In 1672, Elizabeth's husband was made a Privy Counsellor, and appointed Lord Lieutenant of Ireland. He was dedicated to stamping out English corruption in Ireland; one of his many acts was to prevent Phoenix Park in Dublin from being granted to King Charles's former mistress Barbara Villiers who had been promised the Park as well as the fertile lands surrounding it as a gift from the king. In point of fact, it was due to the Earl of Essex that Phoenix Park continues to exist in the 21st century.

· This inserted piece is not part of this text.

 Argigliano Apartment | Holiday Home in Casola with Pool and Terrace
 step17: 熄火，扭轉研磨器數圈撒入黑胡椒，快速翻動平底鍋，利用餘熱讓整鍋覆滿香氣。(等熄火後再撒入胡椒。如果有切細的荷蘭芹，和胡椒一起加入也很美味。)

In 1677, the Essexes returned to England; in 1679, the Earl was appointed First Lord of the Treasury. He was implicated in the Rye House Plot in June 1683 and sent to the Tower of London. It was there on 13 July 1683 that he committed suicide by cutting his own throat, leaving Elizabeth a widow at the age of forty-six. She never remarried.

==Death==
She died on 5 February 1718, and was buried in Watford, Hertfordshire.

==Art==

Elizabeth Percy was the subject of a portrait by the celebrated court painter, Sir Peter Lely. It was painted in 1653, the year of her marriage, when she was sixteen years old.